Taiwanese literary figure

Chung-He Cheng was a Taiwanese literary figure of the Qing Dynasty.

He was a local landowner in Zhuqian (now Hsinchu) who founded the local Cheng family. After settling in Zhuqian in 1806, he took up teaching as his profession. His son Yung-Hsi Cheng was the first successful candidate in the highest imperial examinations in Taiwan.

The descendants of Chung-He Cheng are divided into four major branches, and they take turns to visit the tomb in autumn every year.

== Tomb ==
Chung-He Cheng's tomb is located in Houlong Township, Miaoli County.

It was built by Yung-Hsi Cheng and rebuilt by Chung-He Cheng's grandson in
1867, when Cheng and his wife were was buried together. It was designated as a monument in 1985. Restoration began in 1996, and it was completed in June 1998.

It was built in the seventh year during the reign of Emperor Daoguang of the Qing Dynasty (1827).

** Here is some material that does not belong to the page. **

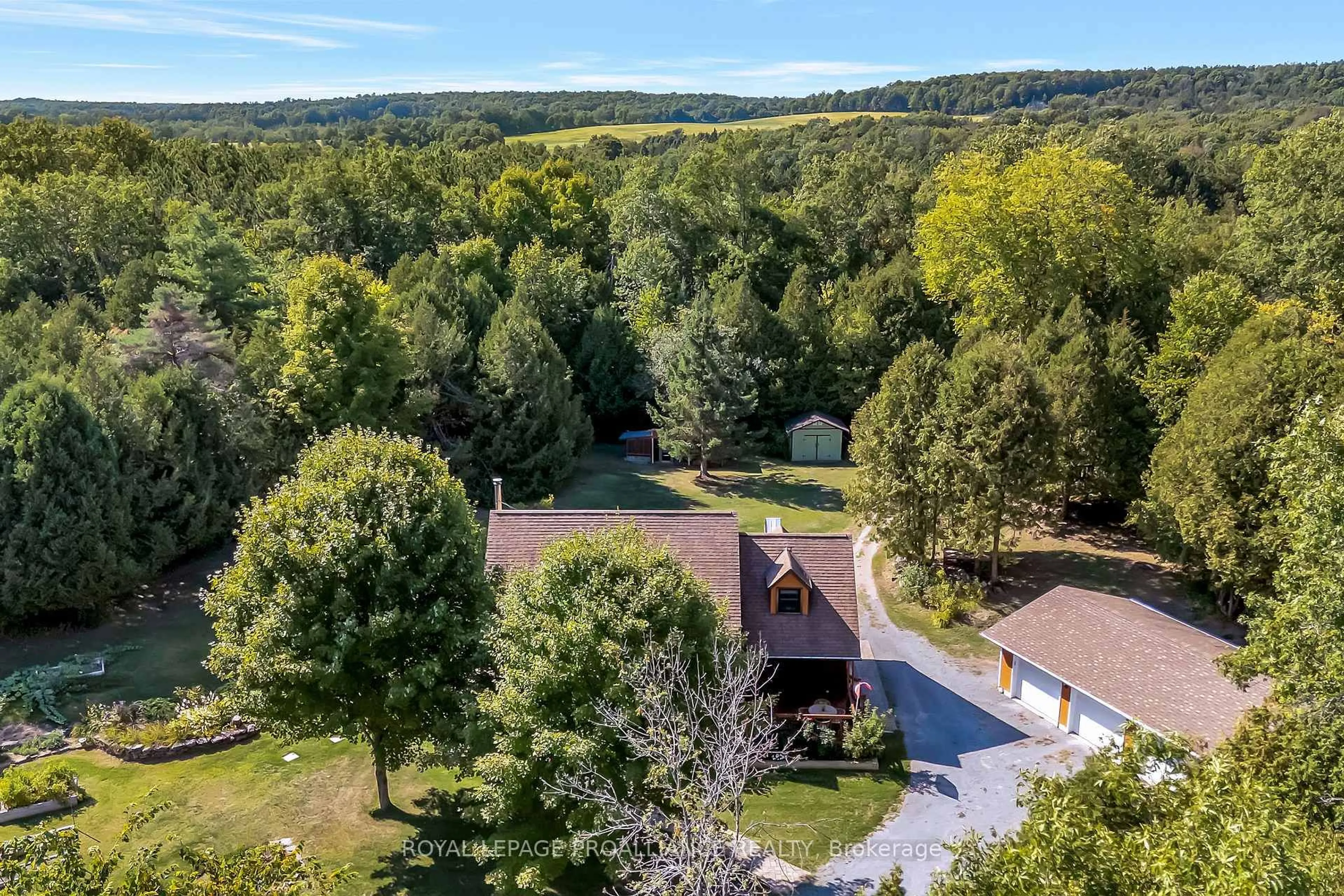 A pic from outside/outdoor area/front of a property/back of a property/a pic from drone, forest/trees view for 1779 Moira Rd, Belleville Ontario K0K 2Y0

The tomb is called Flagstaff Tomb by local residents, because of the stone watchtower in front of the tomb.

=== Layout ===
Chung-He Cheng's tomb is an ancient tomb with three curved handrails. It has a stone seal, a stone pen, and a stone lion on the pillars of the curved handrails, and a pair of stone figures, stone horses, stone sheep, stone tigers, and stone supports in front of it.

In front of the tomb, there is a tombstone with an inscription.